§ WHAT YOU WILL DO: Output each record below exactly, leaving any picture out of the copy.

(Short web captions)

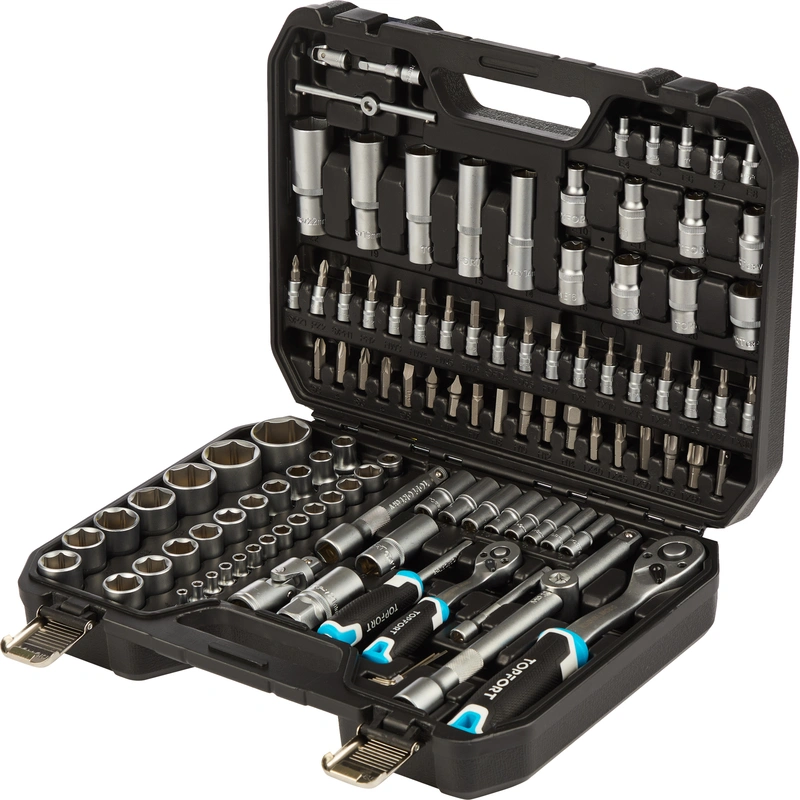 Набор на 110 предметов подойдет для ремонта практически любой модели авто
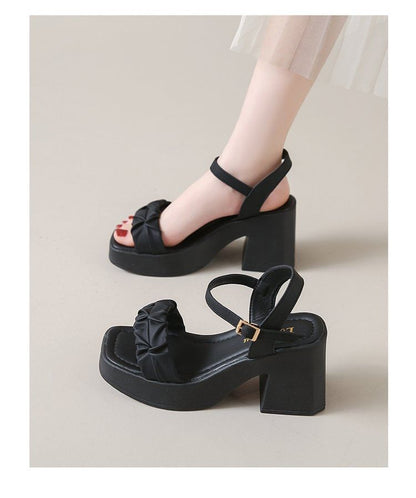 Platform Chunky Heel Sandals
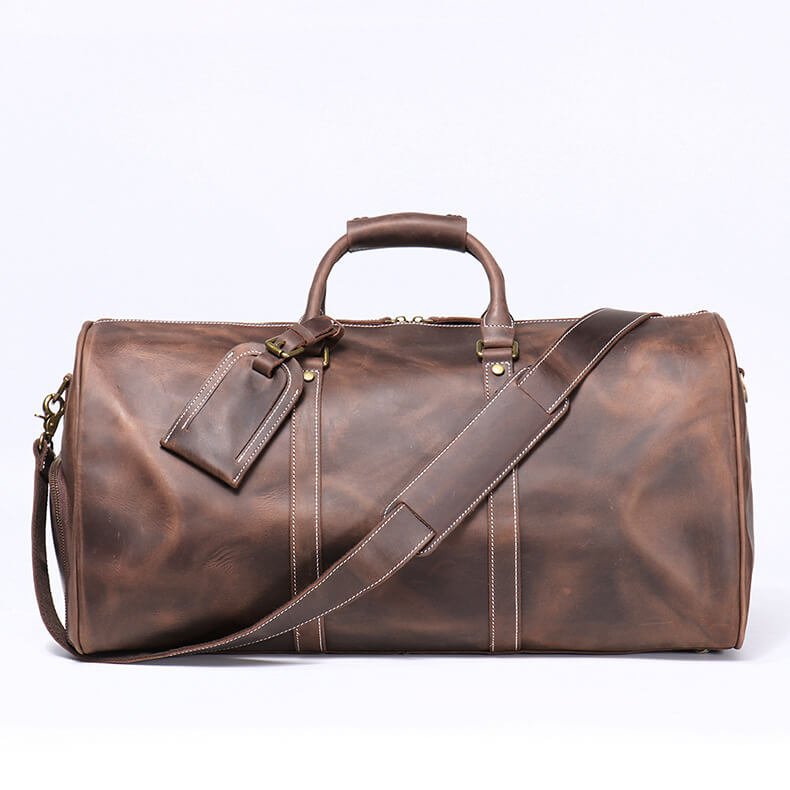 Durable Leather Duffel Bag for Men – Babylon Leather - Babylon LeatherBabylon LeatherLJ013 - Coffee
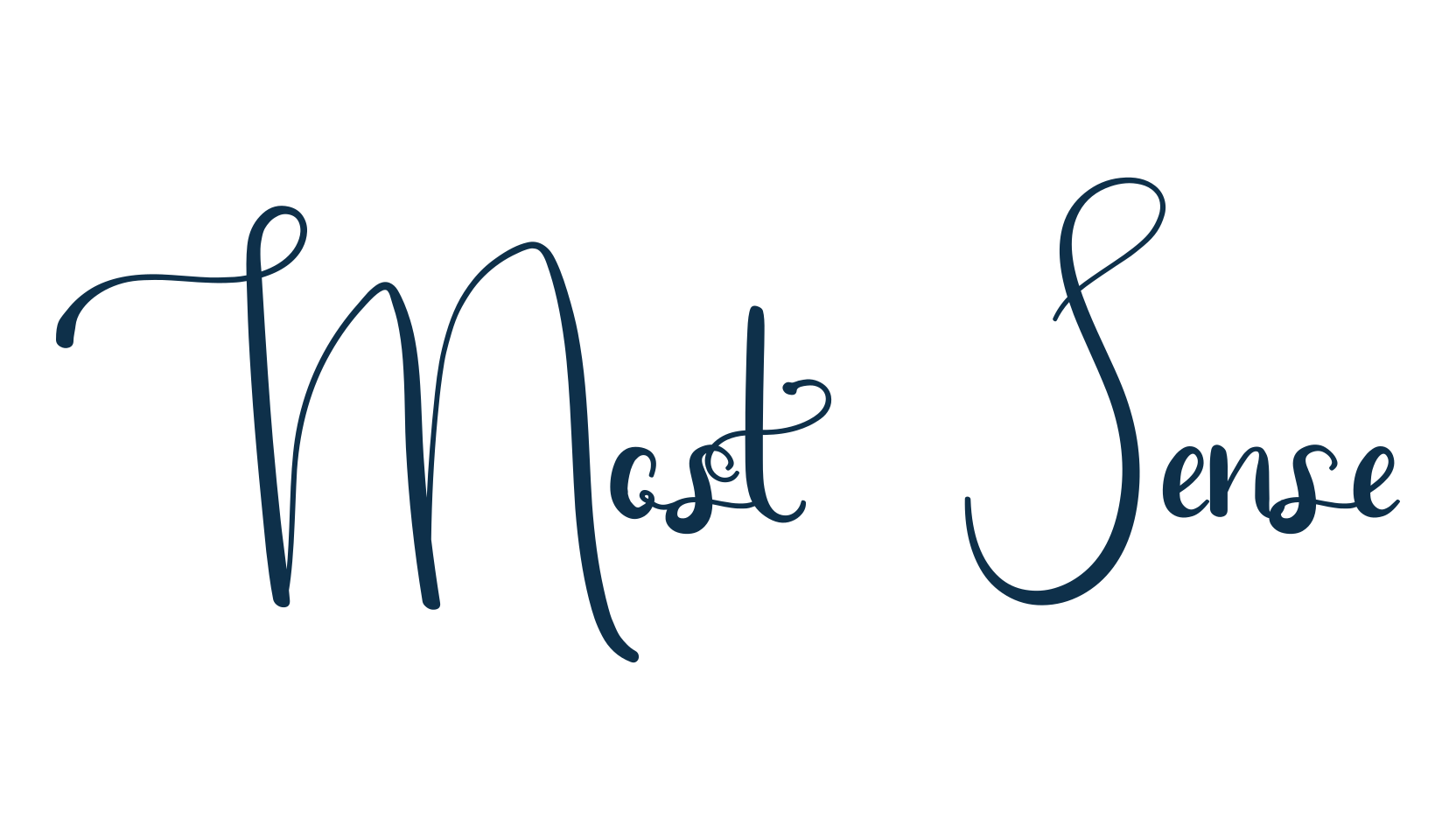 Most Sense, calligraphy font preview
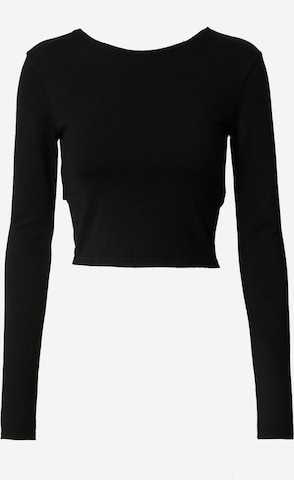 A LOT LESS Shirt 'Roberta' in Zwart: voorkant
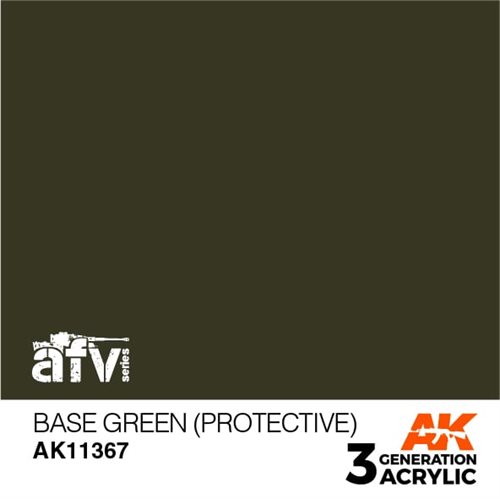 AK11367 BASE GREEN (PROTECTIVE) – AFV, 17 ml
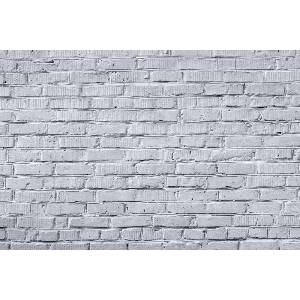 DIMEX ART Флизелинов фототапет текстура бели тухлени стени 375 x 250 см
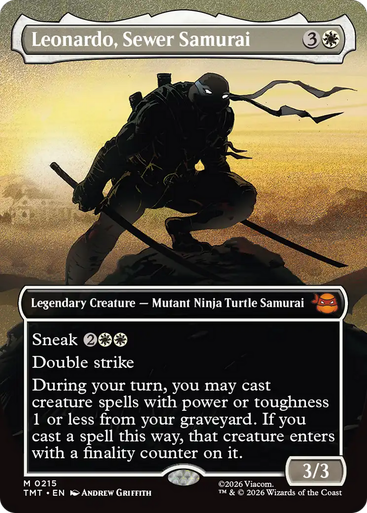 Leonardo, Sewer Samurai (Borderless Silhouette) | Teenage Mutant Ninja Turtles、Magic: The Gathering、kayou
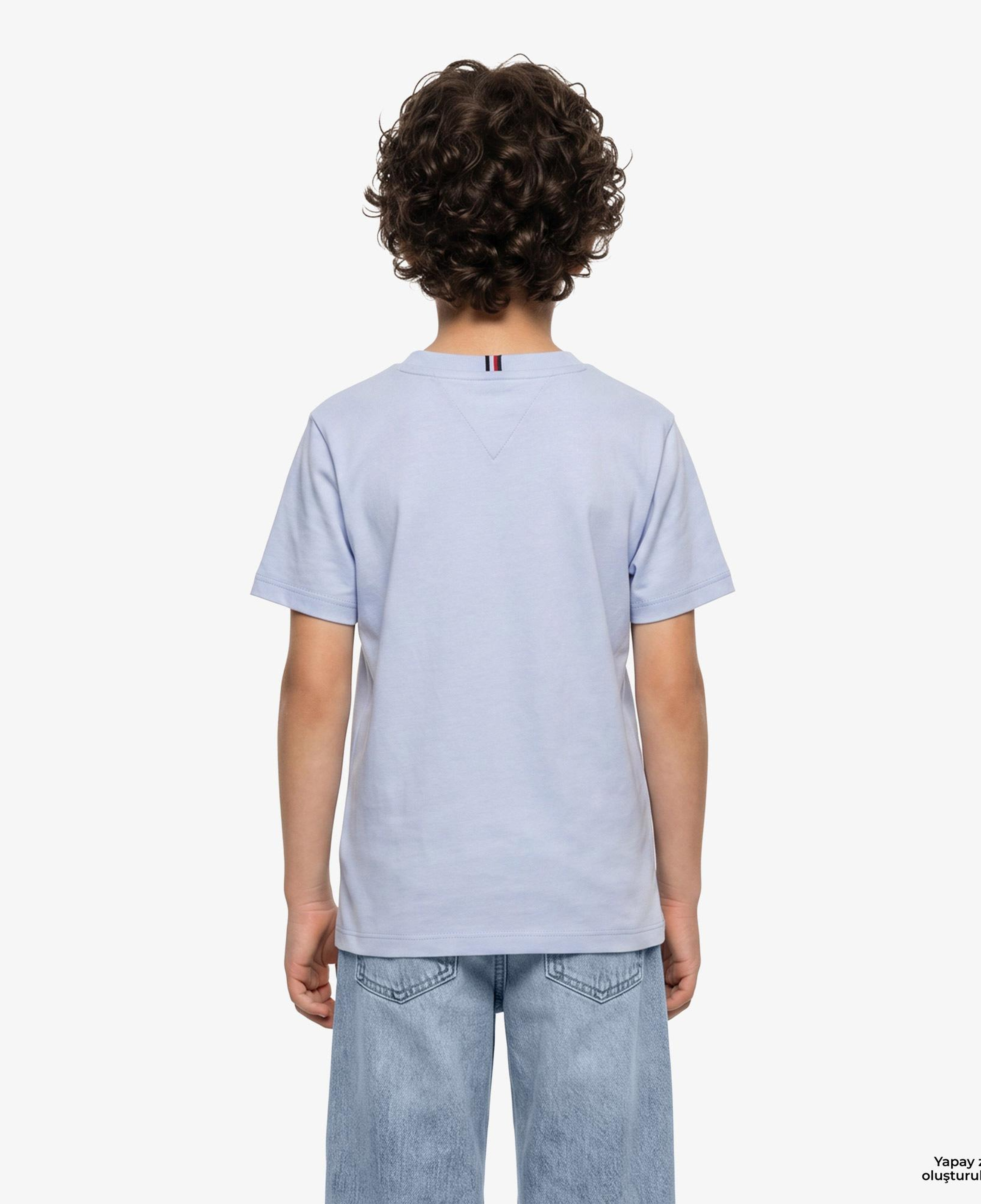 Tommy Hilfiger Mini Corp Çocuk Mavi T-Shirt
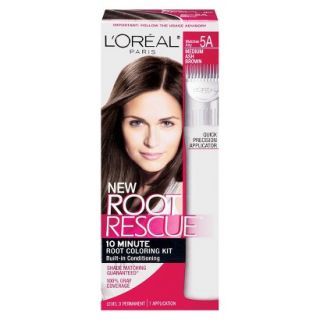 LOr�al Root Rescue Hair Color Kit   Medium Ash Brown (5A)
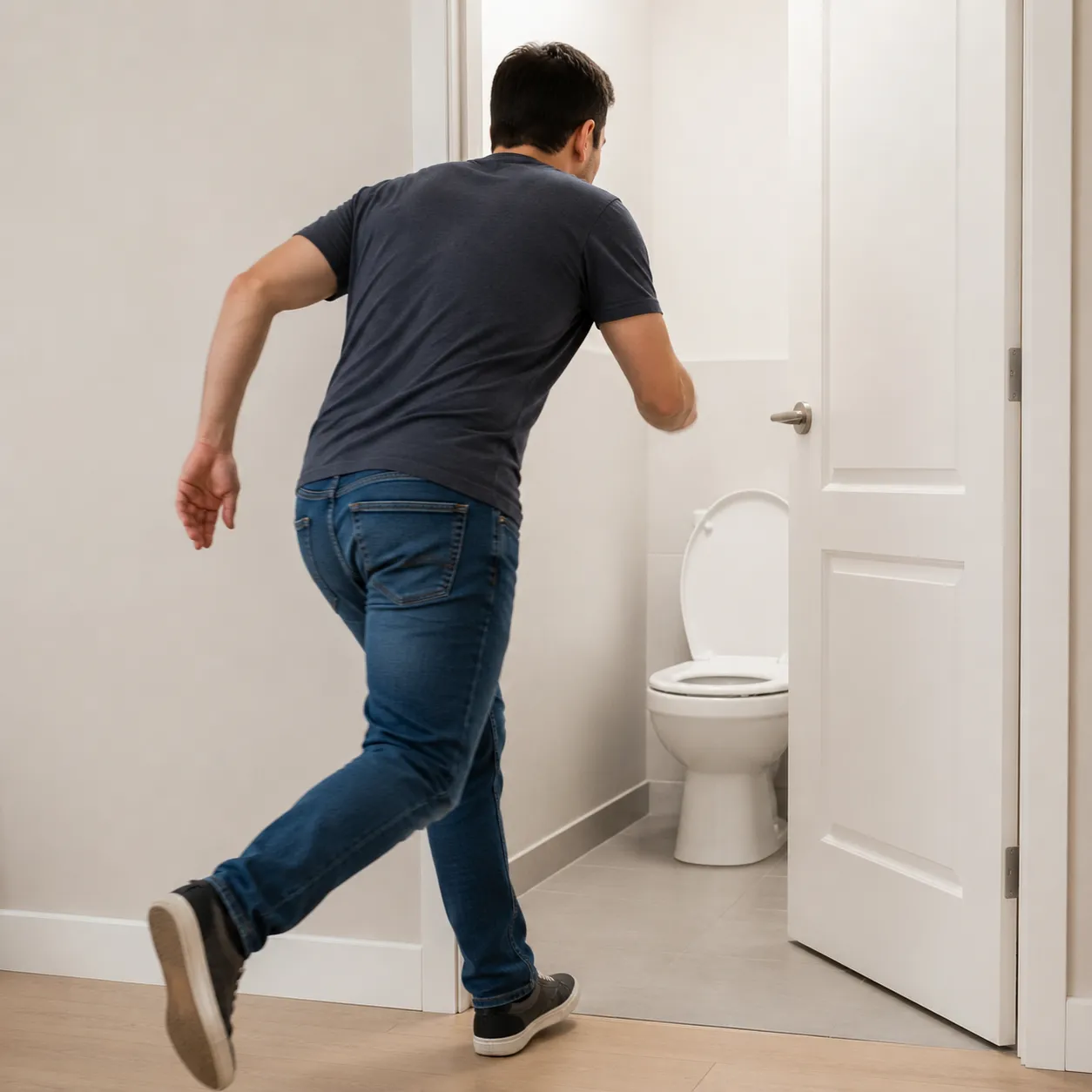 toilet break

§ SOLUTION FOR THIS EXERCISE:
 Набор на 110 предметов подойдет для ремонта практически любой модели авто
 Platform Chunky Heel Sandals
 Durable Leather Duffel Bag for Men – Babylon Leather - Babylon LeatherBabylon LeatherLJ013 - Coffee
 Most Sense, calligraphy font preview
 A LOT LESS Shirt 'Roberta' in Zwart: voorkant
 AK11367 BASE GREEN (PROTECTIVE) – AFV, 17 ml
 DIMEX ART Флизелинов фототапет текстура бели тухлени стени 375 x 250 см
 Leonardo, Sewer Samurai (Borderless Silhouette) | Teenage Mutant Ninja Turtles、Magic: The Gathering、kayou
 Tommy Hilfiger Mini Corp Çocuk Mavi T-Shirt
 LOr�al Root Rescue Hair Color Kit   Medium Ash Brown (5A)
 toilet break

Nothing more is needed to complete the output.